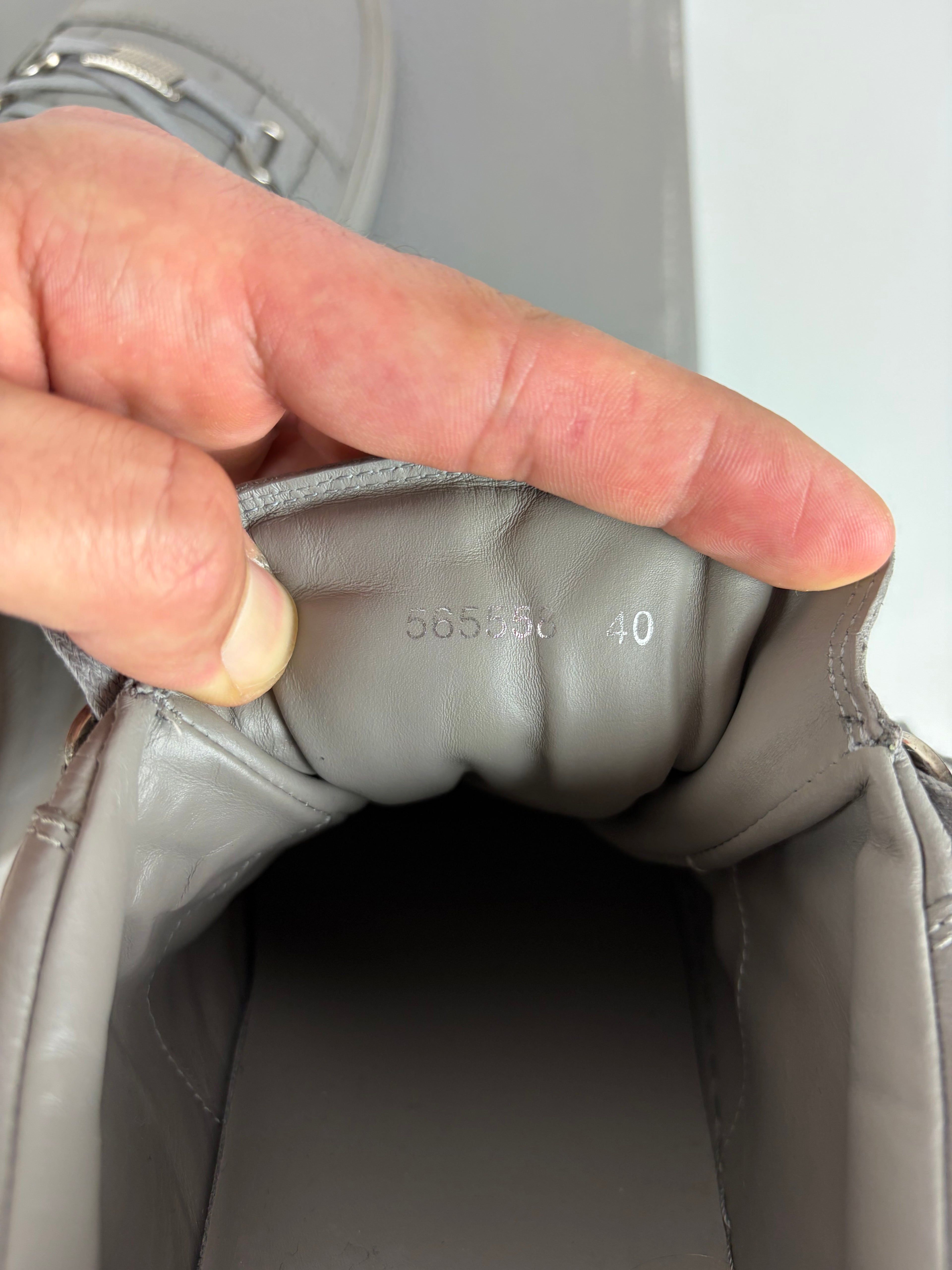 Balenciaga arena low - eu 40 - grey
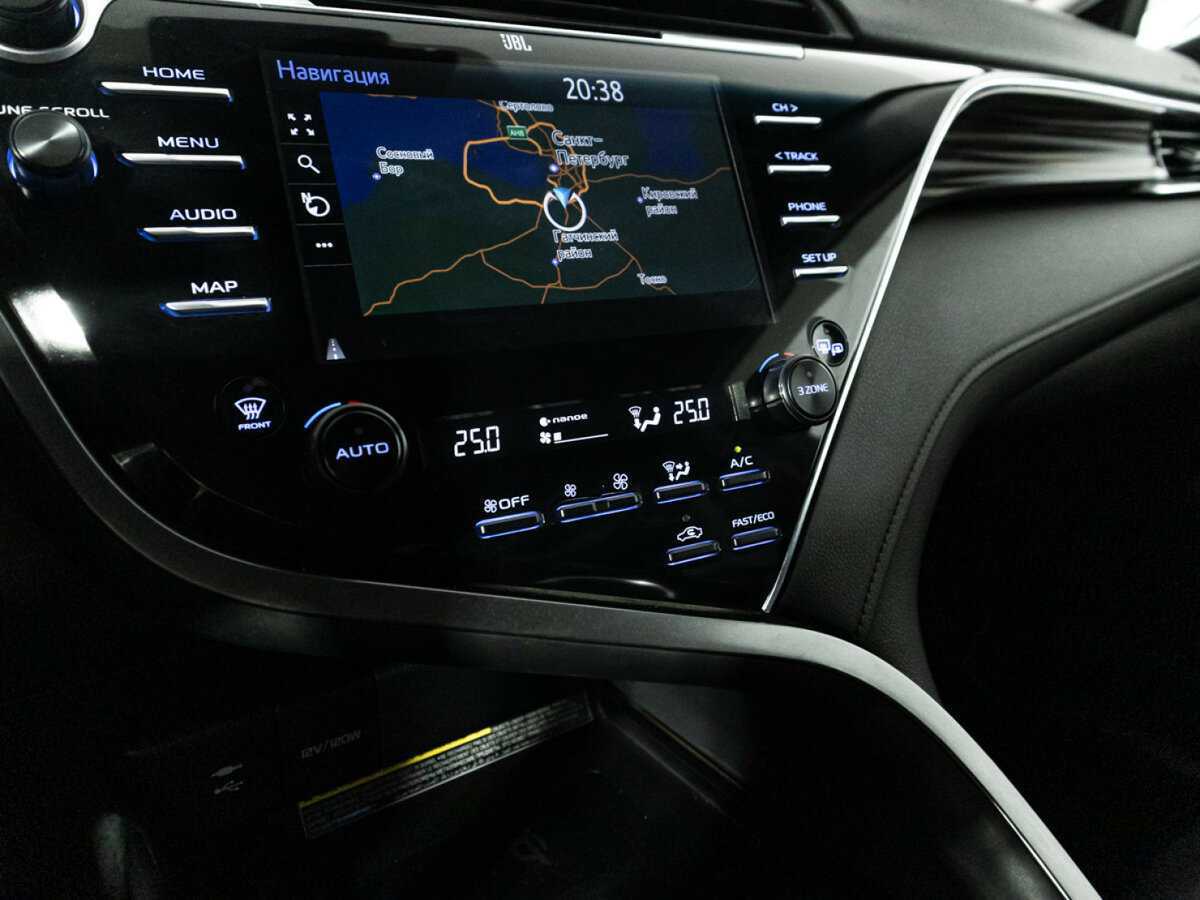 Тойота Камри б/у, 2018, Автоматическая. Фото: #19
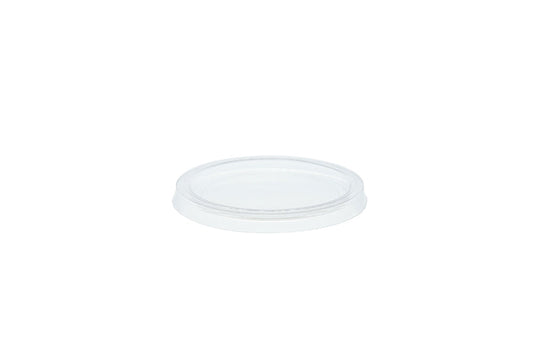 Compostable LID for 3oz and 4oz Portion Pot - Pack of 100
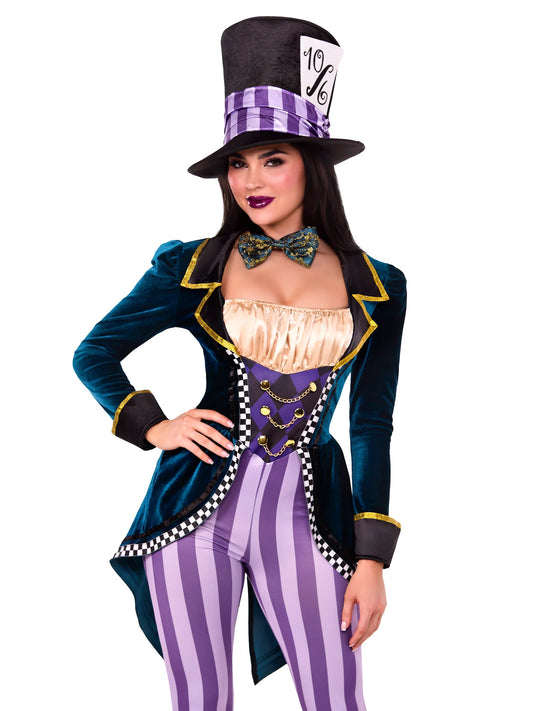 87285 Classic Mad Hatter Costume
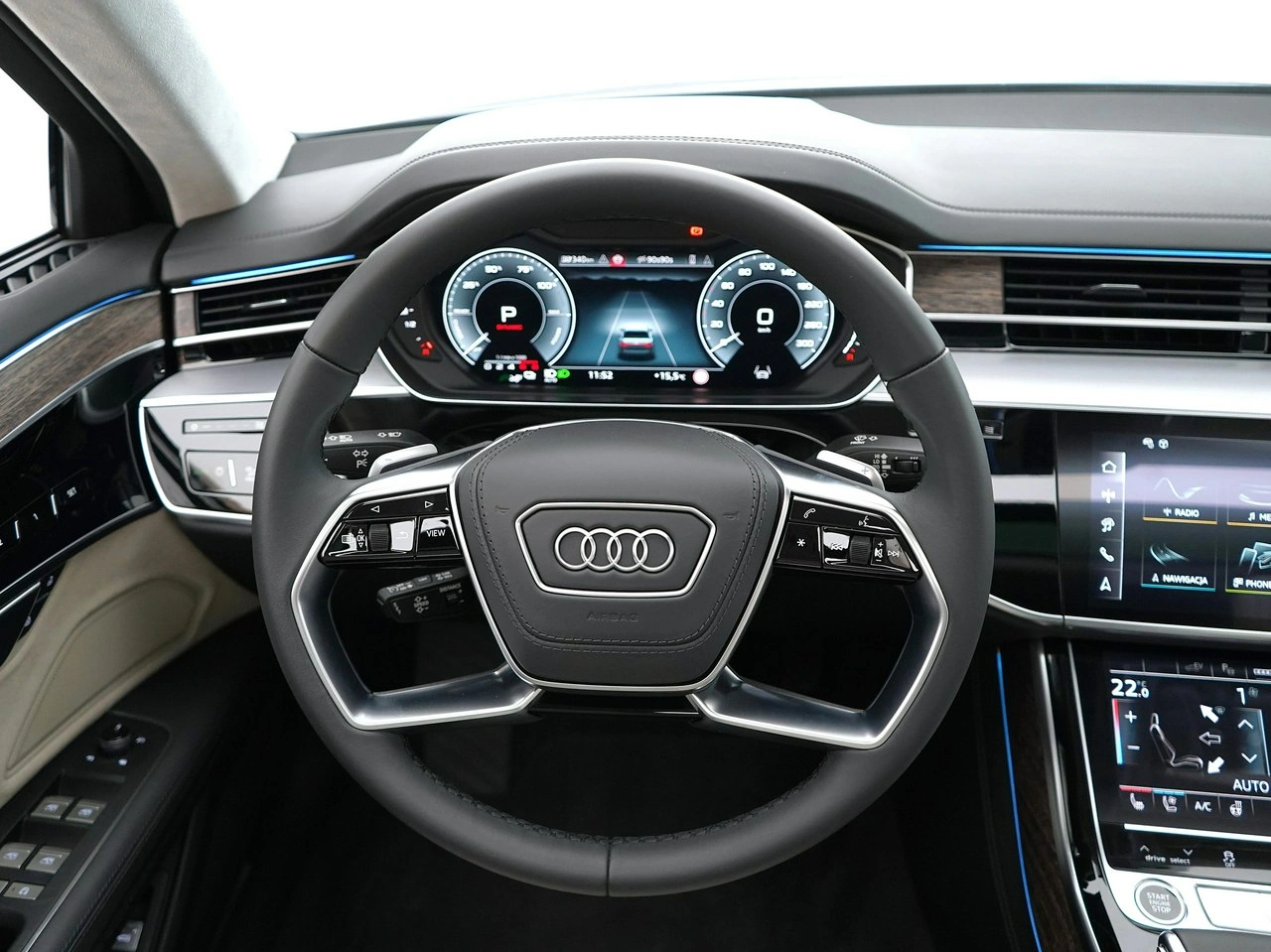 Audi A8 - Zdjęcie 34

• • •

■ PROBLEM STATEMENT
Reproduce exactly and only the lines from the line that contains "87285 Classic Mad Hatter Costume" to the end of the data above, both ends included. No pictures go in the copy.

■ RESPONSE TO THIS TASK
 87285 Classic Mad Hatter Costume
 Audi A8 - Zdjęcie 34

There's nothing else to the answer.